We should not overstate the case, of course. Even on the eastern side of Palermo we find the typical murder of a middleman. Fontana provides favorable rates for the repayment of a debt, thus preventing the forfeiture of his brother-in-law’s giardino.89 Filippello can put on the appearance of a proponent of law and order, not only in the defense of his patron Palizzolo but also that of such individuals as Gaetano Focher, the inspector from the monte di pieta (charitable lending and pawn institution) of Palermo, who sent him to Altavilla to take possession of property from a bourgeois who was clearly reluctant to pay his debts. The former manutengolo, or abettor, of Leone does no more than explain to the former landowner that there is such a thing as downward mobility, urging him “no longer to avail himself of the funds of Focher that had been seized, because otherwise things would turn out badly for him.” Then he left the village, having impounded the estate, leasing it for the benefit of the local Mafia capo.90
On the other hand, smuggling and passing counterfeit bills, robberies, and extortion letters were all crimes extensively practiced in the Conca d’Oro as well. However, and this may be no coincidence, it was neither Siino nor Giammona who killed Notarbartolo. The events described in the Sangiorgi Report depict a Mafia that stayed “in its place.” We will not speak of a “plebeian” criminality, as does Marcella Marmo, depicting a nineteenth-century Neapolitan camorra that attempted to “caccià l’oro de’ piducchie” (literally, “dig gold out of lice”), meaning that it exploited the commercial transactions of the poor and skimmed a take from salaries. Percentages skimmed off of small-scale business activities, the componenda or kickback for resolving such cases of extortion, and for obtaining the return of petty thefts, also existed in Palermo, but for the most part they involved the quarters of the inner city.91 The Mafia of the borgate, the terminal point of a wealthy economy, lived on the relationships among small-scale criminality, the middle class, and the upper classes, an interstitial phenomenon in which contact between the world of criminals and the world of the highest classes was limited to certain milieux. There was never a case of a member of the upper classes being murdered. Or rather, there was one case only, in which a lawyer who attempted to obtain compensation for unpaid gabelle was wounded by a rifle shot.92 The response to an excessively independent-minded landowner was always that of a general boycott and ostracism, or else a chain of murders that created a vacuum around him. When Senator Eugenio Olivieri appointed a cousin as overseer to reduce the depredations of the mafioso curatolo, the cosca did its best to discredit the interloper through various means and worked to ensure that for years he was unable to hire a guardiano, but it never physically harmed him. If he had been a giardiniere (or keeper of a citrus grove) instead of a townsman, the outcome would have been far different. Even the distinctive “message” sent by the damaging of trees could only be conveyed once for each giardino because, if it were repeated, it would constitute an insult to the landowner, and no longer to the gabellotto or the guardiano.93 This subtle aspect of the ritual once again points to the caution and prudence with which intermediaries interacted with the upper classes.

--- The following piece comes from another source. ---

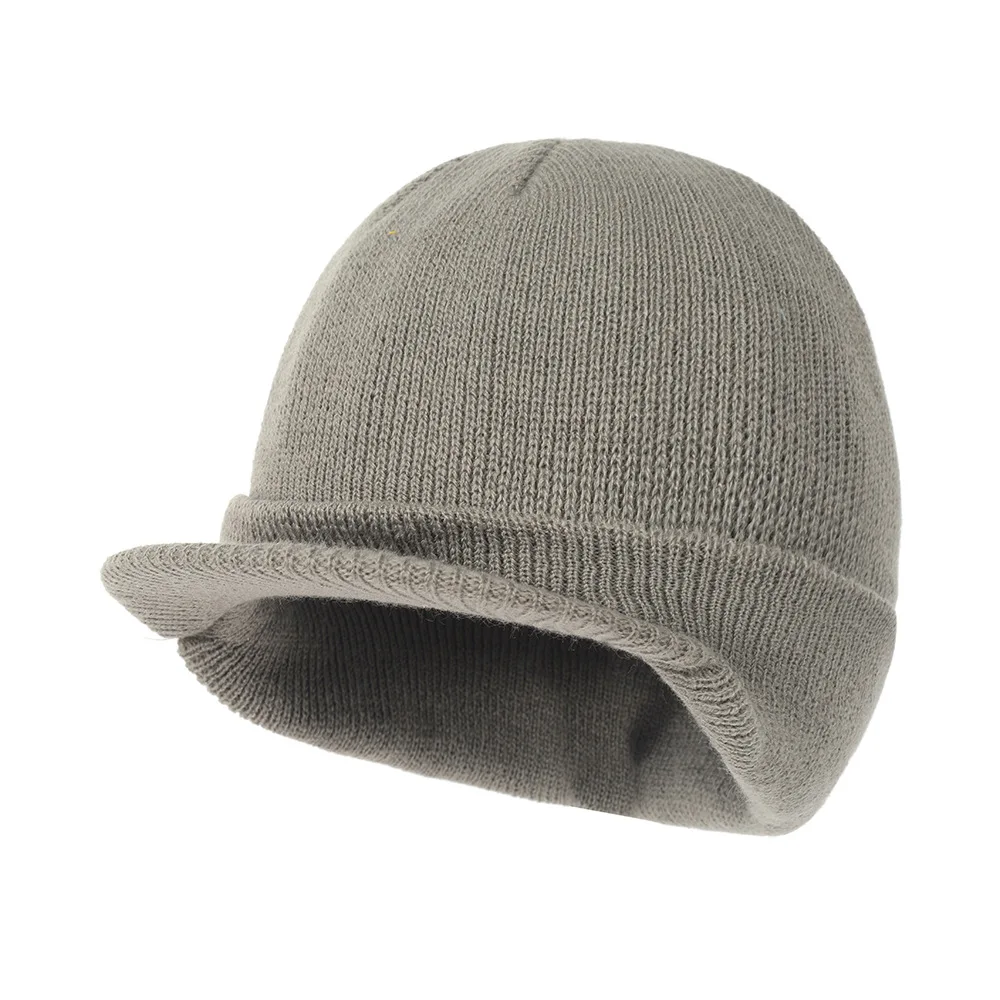 

Unisex Hip Hop Skull Cap Short Brim Warm Knit Beanie Solid Color Versatile Hooded Hat for Autumn Winter Outdoor Sports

The men who drafted the report said that they were certain that the function of the Mafia as an organization was to restrict the right to private property. Still, they could not conceal the fact that it was precisely the defense of private property that served as the underlying motivation for most of the murders committed by the Mafia. For instance, that was the case with the four individuals murdered around the end of 1897, whose corpses were made to vanish in order to hinder the investigations and contribute to the myth of the Mafia’s omnipotence. There were also refined grace notes of misinformation, with eyewitnesses volunteering accounts of having seen the murdered men alive and well in Tunis, and letters from the vanished men arriving, again from Tunis, until finally the corpses were uncovered. At the time, the current Mafia term, lupara bianca, literally, “white shotgun,” meaning a Mafia murder in which the corpse is made to disappear, was not yet in use. Instead, the case was known as the caso dei quattro scomparsi (“case of the four vanished men”).

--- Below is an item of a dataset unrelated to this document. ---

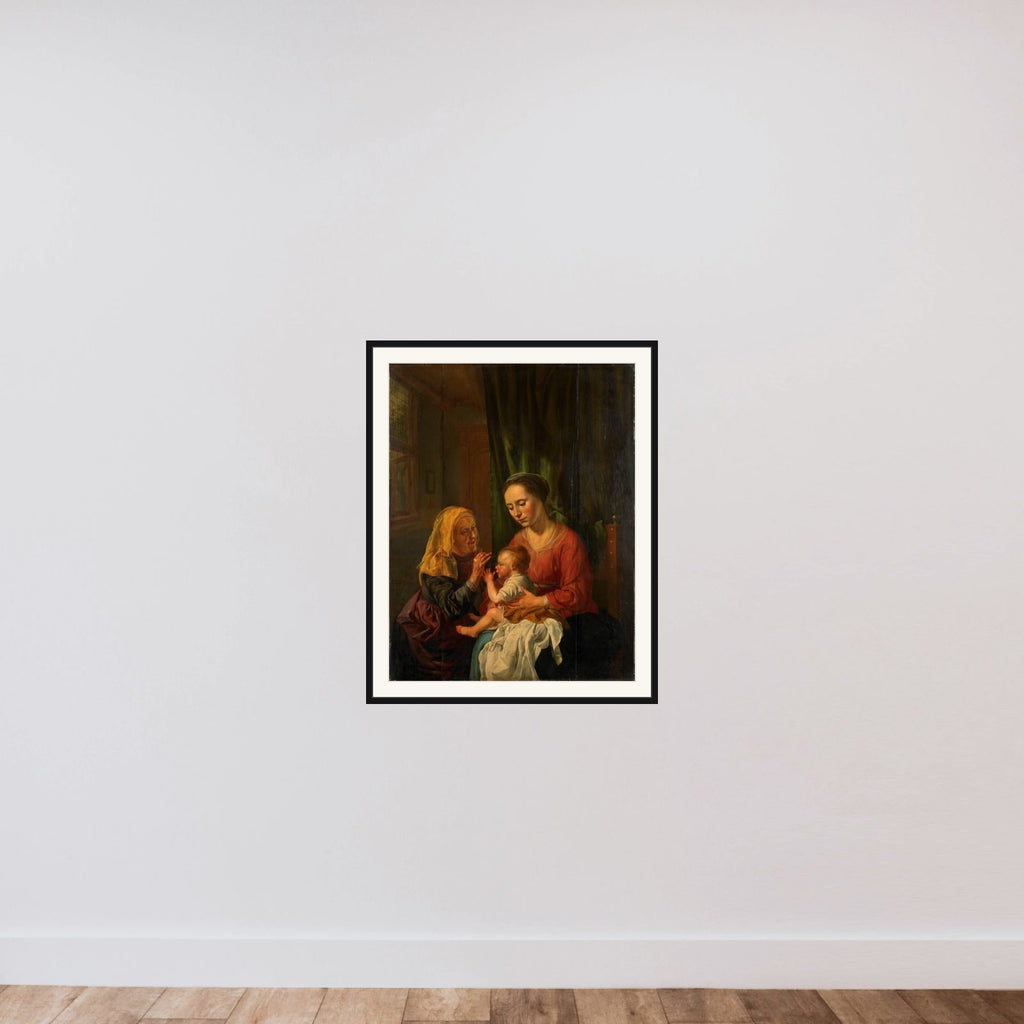 Madonna and Child with St Anne framed — shown to scale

The first of the four was the baker Tuttilmondo, executed for stealing from his master. The second was Antonino D’Alba, innkeeper and member of the cosca of Falde. This time, we are talking about an individual who possessed a “small degree of authority,” based on “two strategic points”—one of the many inns or taverns in which the mafiosi meet, and a ware house in the Arenella, “a neighborhood that might well have been designed for smuggling.”94 The innkeeper was the cousin of a certain Francesco D’Alba, who worked for Eduardo and Samuele Hamnett, important citrus merchants who belonged to the British colony that had transplanted itself in Palermo. The Hamnetts suspected their employee of being the author of certain “begging” letters, as well as the dynamite attack in September 1897 that targeted their home, as well as the homes of other manufacturers of allied products. This may have been an indicator of the tensions that in this period divided the various operators in the citrus fruit market.95 In order to protect themselves, the Hamnetts mobilized a relative, Francesco Serio, gabellotto of the civil class, “who maintained relations of patronage and clientelism with the Mafia.” But when he entered into contact with the bosses of the Falde group, they realized that Francesco D’Alba was given information by his cousin: a betrayal that cost the innkeeper his life.96
Last of all, there were Vincenzo Lo Porto and Giuseppe Caruso, coach drivers affiliated with the cosca of the Olivuzza. In the borgata of the Olivuzza stood the renowned villa of Ignazio Florio, the great shipowner and financier, scion of a business family who had married into the crème de la crème of Palermo’s aristocracy. Both halves of Florio’s personality—both the aristocratic half and the bourgeois half—aspired to tranquility and security; the guardianìa of the villa was entrusted to Pietro Noto, who with his brother Francesco was the capo of the local cosca. In the summer of 1897, relations between Lo Porto and Caruso and the Noto brothers—all at one time “close friends”—were rapidly deteriorating because, according to the coach drivers, the Notos had taken the lion’s share of the profits from the sum obtained by a “begging letter,” or extortion, that had been sent to Joshua Whitaker, another major British merchant and entrepreneur.97 The two coach drivers decided to undertake a spectacular and provocative project: they would steal from Villa Florio a number of artworks of great value. Once again, the theft constituted above all an insult, a way of heaping scorn on the credibility of the organization and its capos, and possibly bring about a new leadership. This shows how the instability of the Mafia hierarchies exposed the members of the dominant classes, who wished to be in contact with an “order-bringing” Mafia, to involvement in criminal deeds that were hardly compatible with the quality of their status and reputations. Ignazio Florio, “surprised and indignant” over what had happened, personally demanded an explanation from Pietro Noto as the head of security for the villa and, more generally, of the quarter of Olivuzza. “The objective that the two coach drivers had set out to obtain, the humiliation of their boss and underboss, had been attained.”98 And the Notos were obliged to undertake a negotiation that resulted (perhaps following the payment of a ransom) in the recovery of the loot, which mysteriously reappeared in the Florio villa, in the exact location from which it had vanished.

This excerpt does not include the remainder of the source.